▸ Assignment
Only the lines below from the one that holds "Fabulous green and" through the one that holds "Vehicles for accidents, emergencies" should appear in the answer, copied exactly, end lines included and pictures omitted.

*** The input Section Begins ***

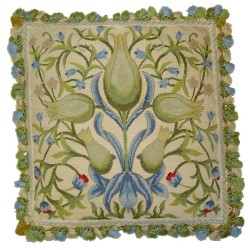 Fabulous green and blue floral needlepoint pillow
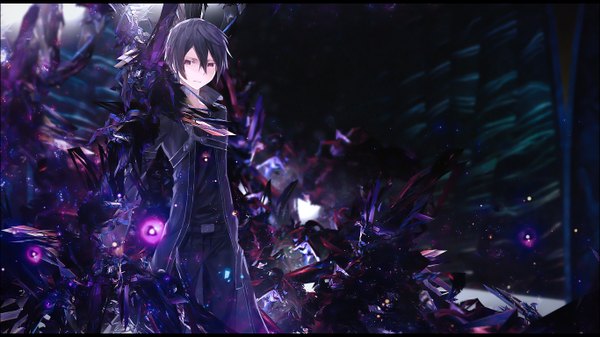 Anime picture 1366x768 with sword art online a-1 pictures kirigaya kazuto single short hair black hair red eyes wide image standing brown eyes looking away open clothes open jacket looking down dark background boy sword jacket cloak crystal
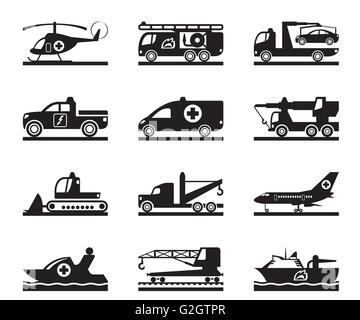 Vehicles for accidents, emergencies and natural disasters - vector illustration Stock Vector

*** The input Section Ends ***
*** The input Section Begins ***

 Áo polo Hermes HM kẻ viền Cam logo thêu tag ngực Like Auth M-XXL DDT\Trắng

*** The input Section Ends ***
*** The input Section Begins ***

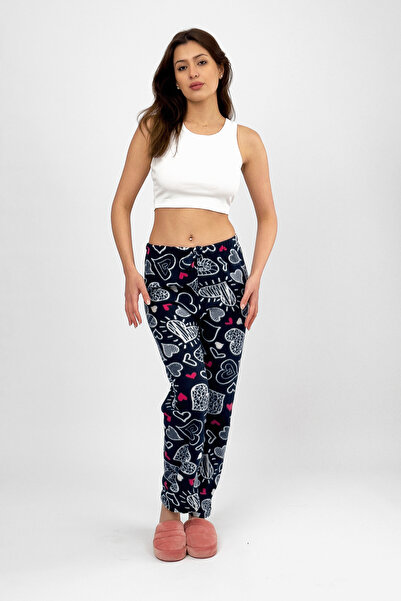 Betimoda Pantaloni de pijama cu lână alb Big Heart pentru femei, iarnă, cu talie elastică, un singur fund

*** The input Section Ends ***

▸ Response box
 Fabulous green and blue floral needlepoint pillow
 Anime picture 1366x768 with sword art online a-1 pictures kirigaya kazuto single short hair black hair red eyes wide image standing brown eyes looking away open clothes open jacket looking down dark background boy sword jacket cloak crystal
 Vehicles for accidents, emergencies and natural disasters - vector illustration Stock Vector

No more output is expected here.